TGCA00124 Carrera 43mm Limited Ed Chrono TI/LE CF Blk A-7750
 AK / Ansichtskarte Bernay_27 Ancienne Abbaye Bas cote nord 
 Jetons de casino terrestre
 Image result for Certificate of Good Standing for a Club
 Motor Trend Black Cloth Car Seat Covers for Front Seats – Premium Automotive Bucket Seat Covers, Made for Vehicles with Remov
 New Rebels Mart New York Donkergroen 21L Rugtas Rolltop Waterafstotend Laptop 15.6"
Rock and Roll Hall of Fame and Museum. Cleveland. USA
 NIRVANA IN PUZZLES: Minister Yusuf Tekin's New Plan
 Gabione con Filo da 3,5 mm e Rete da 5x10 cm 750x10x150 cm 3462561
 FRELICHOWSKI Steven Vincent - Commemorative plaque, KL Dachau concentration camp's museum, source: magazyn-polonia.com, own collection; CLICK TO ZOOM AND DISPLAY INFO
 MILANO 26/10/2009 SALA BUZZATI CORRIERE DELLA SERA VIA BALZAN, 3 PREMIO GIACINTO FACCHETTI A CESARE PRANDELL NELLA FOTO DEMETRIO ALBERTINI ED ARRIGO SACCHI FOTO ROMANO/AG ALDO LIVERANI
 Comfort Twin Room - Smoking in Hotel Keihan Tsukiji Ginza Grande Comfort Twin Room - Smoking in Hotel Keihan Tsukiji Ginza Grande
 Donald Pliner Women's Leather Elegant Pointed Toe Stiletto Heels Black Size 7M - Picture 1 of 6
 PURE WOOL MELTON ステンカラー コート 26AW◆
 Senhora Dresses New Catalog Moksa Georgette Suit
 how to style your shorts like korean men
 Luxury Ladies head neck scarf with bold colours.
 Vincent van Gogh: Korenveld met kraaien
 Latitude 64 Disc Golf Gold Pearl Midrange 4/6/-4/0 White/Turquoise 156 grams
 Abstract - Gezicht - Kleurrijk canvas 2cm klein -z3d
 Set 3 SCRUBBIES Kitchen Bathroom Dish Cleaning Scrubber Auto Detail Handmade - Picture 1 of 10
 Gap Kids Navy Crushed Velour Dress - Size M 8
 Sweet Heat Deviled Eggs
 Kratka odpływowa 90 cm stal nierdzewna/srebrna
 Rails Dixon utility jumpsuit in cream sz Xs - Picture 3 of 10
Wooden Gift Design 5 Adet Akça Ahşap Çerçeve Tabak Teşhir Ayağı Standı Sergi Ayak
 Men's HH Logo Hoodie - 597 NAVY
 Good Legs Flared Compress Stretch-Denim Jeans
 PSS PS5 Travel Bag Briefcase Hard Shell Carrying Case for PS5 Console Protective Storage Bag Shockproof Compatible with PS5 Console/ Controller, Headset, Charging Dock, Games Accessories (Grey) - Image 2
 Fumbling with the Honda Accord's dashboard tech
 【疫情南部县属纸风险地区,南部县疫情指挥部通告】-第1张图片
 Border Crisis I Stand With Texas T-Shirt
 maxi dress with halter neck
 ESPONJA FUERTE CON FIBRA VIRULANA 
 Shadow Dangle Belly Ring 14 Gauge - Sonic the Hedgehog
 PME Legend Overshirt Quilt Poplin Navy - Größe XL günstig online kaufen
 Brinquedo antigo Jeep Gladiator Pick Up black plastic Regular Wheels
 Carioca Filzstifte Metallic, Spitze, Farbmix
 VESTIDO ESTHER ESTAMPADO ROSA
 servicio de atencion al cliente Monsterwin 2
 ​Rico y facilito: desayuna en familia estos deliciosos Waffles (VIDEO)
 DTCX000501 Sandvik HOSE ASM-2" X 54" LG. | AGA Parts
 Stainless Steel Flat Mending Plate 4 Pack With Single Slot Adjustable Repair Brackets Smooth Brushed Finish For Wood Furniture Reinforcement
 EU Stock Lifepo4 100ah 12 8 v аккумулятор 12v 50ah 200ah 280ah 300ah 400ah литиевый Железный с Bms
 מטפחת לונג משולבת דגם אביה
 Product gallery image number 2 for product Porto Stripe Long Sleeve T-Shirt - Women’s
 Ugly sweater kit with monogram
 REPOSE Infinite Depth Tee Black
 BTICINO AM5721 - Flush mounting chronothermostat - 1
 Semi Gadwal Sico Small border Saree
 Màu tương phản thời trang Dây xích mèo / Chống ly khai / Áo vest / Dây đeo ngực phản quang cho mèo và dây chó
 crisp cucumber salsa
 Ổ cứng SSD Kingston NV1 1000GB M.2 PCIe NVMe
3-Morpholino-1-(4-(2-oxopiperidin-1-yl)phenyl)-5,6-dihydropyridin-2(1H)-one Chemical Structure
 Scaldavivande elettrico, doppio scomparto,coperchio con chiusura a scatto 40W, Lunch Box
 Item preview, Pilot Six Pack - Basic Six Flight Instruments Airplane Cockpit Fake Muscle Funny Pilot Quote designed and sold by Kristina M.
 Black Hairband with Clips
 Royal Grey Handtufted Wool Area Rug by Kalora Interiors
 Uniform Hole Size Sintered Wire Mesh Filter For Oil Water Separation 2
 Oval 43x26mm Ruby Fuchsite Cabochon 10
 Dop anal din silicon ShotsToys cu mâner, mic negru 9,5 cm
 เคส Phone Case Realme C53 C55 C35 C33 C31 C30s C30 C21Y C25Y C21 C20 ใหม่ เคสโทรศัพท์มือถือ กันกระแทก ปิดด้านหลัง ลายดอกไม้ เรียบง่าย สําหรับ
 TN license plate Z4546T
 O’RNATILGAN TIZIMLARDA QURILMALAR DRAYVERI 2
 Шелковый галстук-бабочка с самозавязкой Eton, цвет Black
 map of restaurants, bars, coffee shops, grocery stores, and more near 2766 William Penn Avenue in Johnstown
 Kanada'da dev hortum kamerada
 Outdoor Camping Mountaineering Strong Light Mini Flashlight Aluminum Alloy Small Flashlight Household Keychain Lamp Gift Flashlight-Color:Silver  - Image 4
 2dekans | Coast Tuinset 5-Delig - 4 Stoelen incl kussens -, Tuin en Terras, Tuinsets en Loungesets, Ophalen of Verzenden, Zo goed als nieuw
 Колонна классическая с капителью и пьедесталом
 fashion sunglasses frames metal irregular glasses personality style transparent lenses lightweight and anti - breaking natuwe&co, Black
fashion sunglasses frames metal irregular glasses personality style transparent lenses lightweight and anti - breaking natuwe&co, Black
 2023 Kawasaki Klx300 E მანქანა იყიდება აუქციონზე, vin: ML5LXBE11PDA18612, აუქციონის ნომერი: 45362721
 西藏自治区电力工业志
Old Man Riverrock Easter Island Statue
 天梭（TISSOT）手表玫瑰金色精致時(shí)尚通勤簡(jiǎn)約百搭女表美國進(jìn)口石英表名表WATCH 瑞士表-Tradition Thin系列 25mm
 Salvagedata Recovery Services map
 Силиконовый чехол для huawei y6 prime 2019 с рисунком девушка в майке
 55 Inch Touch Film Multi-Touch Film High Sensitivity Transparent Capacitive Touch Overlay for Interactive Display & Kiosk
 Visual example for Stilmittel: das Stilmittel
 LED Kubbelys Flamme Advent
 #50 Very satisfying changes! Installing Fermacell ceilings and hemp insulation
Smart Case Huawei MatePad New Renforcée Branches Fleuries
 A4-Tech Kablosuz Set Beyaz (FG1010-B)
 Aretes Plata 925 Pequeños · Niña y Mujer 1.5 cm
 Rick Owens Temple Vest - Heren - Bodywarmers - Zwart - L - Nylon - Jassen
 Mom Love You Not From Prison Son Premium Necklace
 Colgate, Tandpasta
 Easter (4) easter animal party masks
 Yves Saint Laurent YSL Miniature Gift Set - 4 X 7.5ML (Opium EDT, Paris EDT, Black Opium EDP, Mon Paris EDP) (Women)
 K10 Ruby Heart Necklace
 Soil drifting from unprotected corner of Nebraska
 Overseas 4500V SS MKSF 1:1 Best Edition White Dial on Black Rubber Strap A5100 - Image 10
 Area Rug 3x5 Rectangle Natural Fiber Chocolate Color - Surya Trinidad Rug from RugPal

Your objective →
Every line of the listing that includes the word "White" belongs in the answer.

Solution to this task →
 Latitude 64 Disc Golf Gold Pearl Midrange 4/6/-4/0 White/Turquoise 156 grams
 Overseas 4500V SS MKSF 1:1 Best Edition White Dial on Black Rubber Strap A5100 - Image 10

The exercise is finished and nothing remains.